Pictures stay out; everything else in the records gets transcribed exactly.

EXTRACTED MATERIAL -
__________
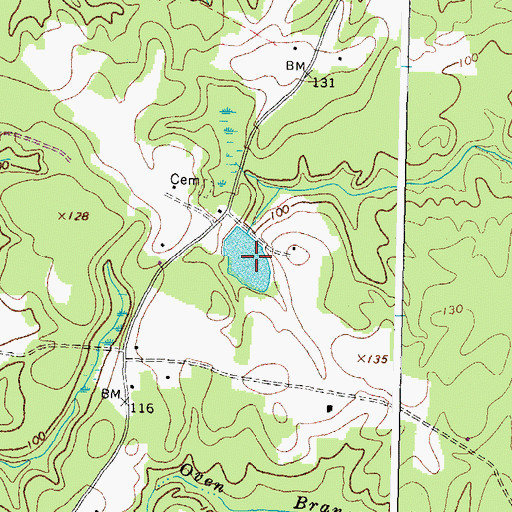Topographic Map of Johnsons Pond, VA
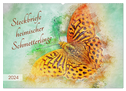 Steckbriefe heimischer Schmetterlinge (Wandkalender 2024 DIN A2 quer), CALVENDO Monatskalender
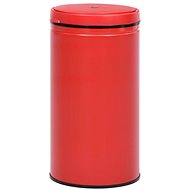 Waste bin with automatic sensor 80l carbon steel red 322709 - Rubbish Bin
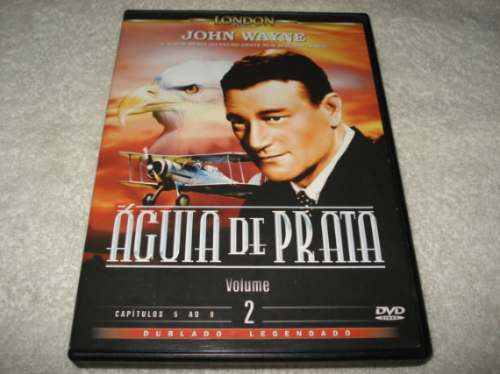 Dvd Águia De Prata Com John Wayne Volume 2 Capitulos 5 A 8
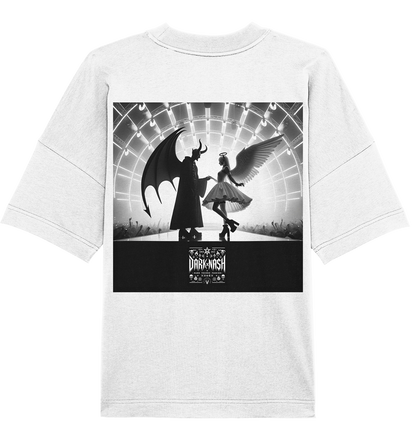 Shadowplay Rave: Between Heaven and Abyss (Backprint) - Organic Oversize Shirt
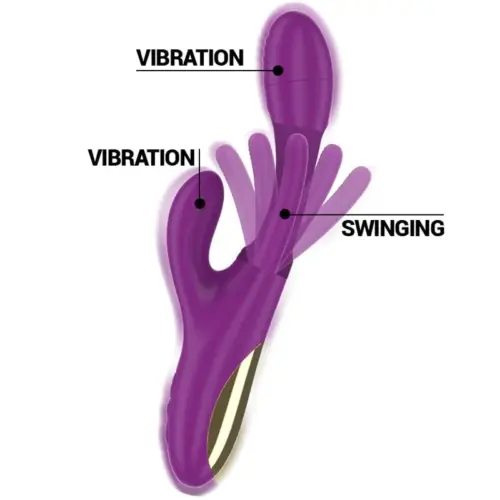 Intense Fun Apolo Vibrador Multifuno Recarregável 7 Vibrações Roxo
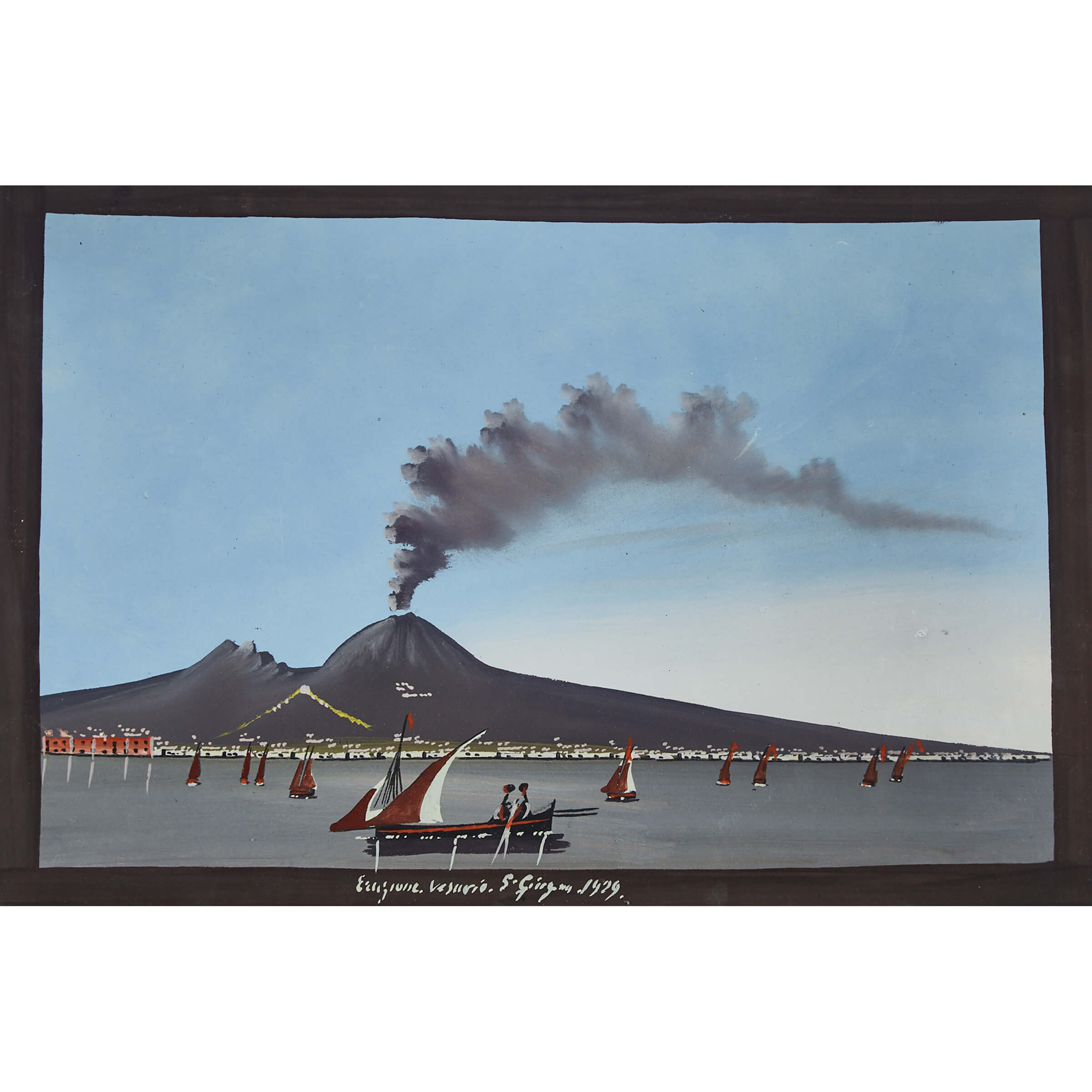 Neapolitan School View of an Eruption of Vesuvius, 1929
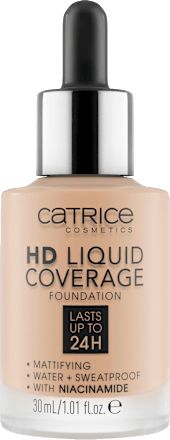 Podkład HD Liquid Coverage Foundation 030 Sand Beige CATRICE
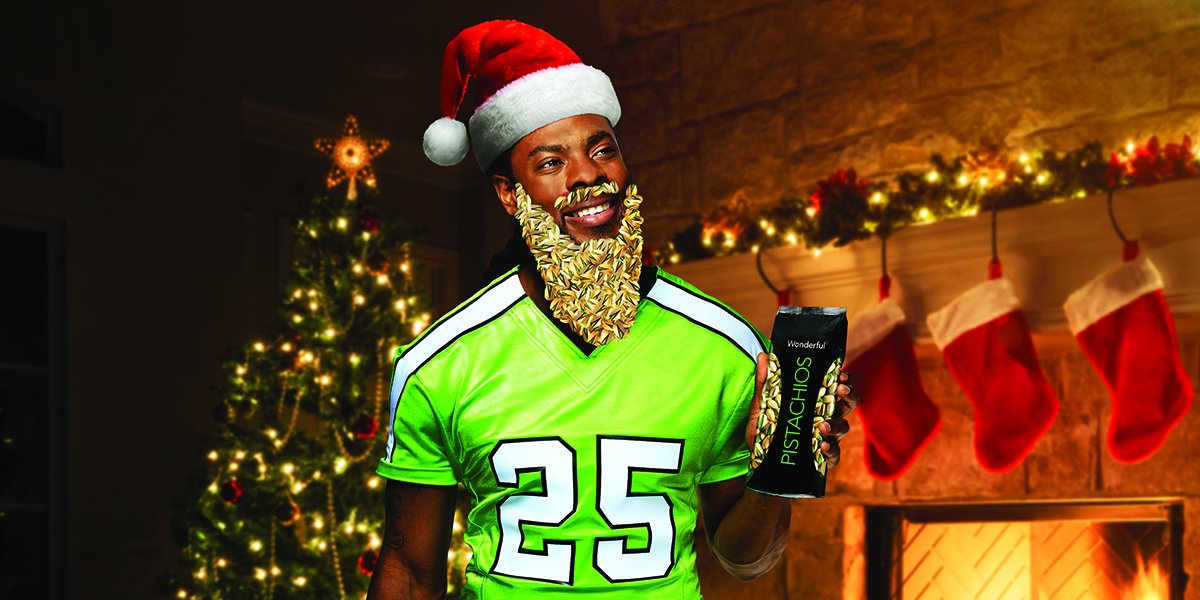 RSherman_25's tweet photo. All I want for Christmas is a #snackface full of pistachios. https://t.co/cpTQpANCPm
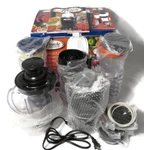 Koolatron SL380E Black Miracle Mixer Smoothie Blender Food Fruit 19 Pieces. Fixed Price $46.89.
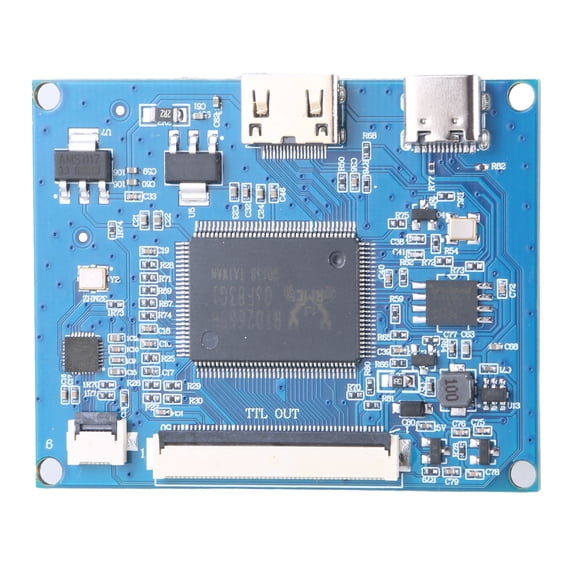 TwhqxjCN 50Pin LCD Screen Driver Board LCD Display Screen Assembly Unit 800X480 Combination Driver Controller Board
__________
OUTPUT FOR THIS EXERCISE -
Topographic Map of Johnsons Pond, VA
 Steckbriefe heimischer Schmetterlinge (Wandkalender 2024 DIN A2 quer), CALVENDO Monatskalender
 Waste bin with automatic sensor 80l carbon steel red 322709 - Rubbish Bin
 Dvd Águia De Prata Com John Wayne Volume 2 Capitulos 5 A 8
 Shadowplay Rave: Between Heaven and Abyss (Backprint) - Organic Oversize Shirt
 Intense Fun Apolo Vibrador Multifuno Recarregável 7 Vibrações Roxo
 Neapolitan School View of an Eruption of Vesuvius, 1929
 Podkład HD Liquid Coverage Foundation 030 Sand Beige CATRICE
 RSherman_25's tweet photo. All I want for Christmas is a #snackface full of pistachios. https://t.co/cpTQpANCPm
 Koolatron SL380E Black Miracle Mixer Smoothie Blender Food Fruit 19 Pieces. Fixed Price $46.89.
 TwhqxjCN 50Pin LCD Screen Driver Board LCD Display Screen Assembly Unit 800X480 Combination Driver Controller Board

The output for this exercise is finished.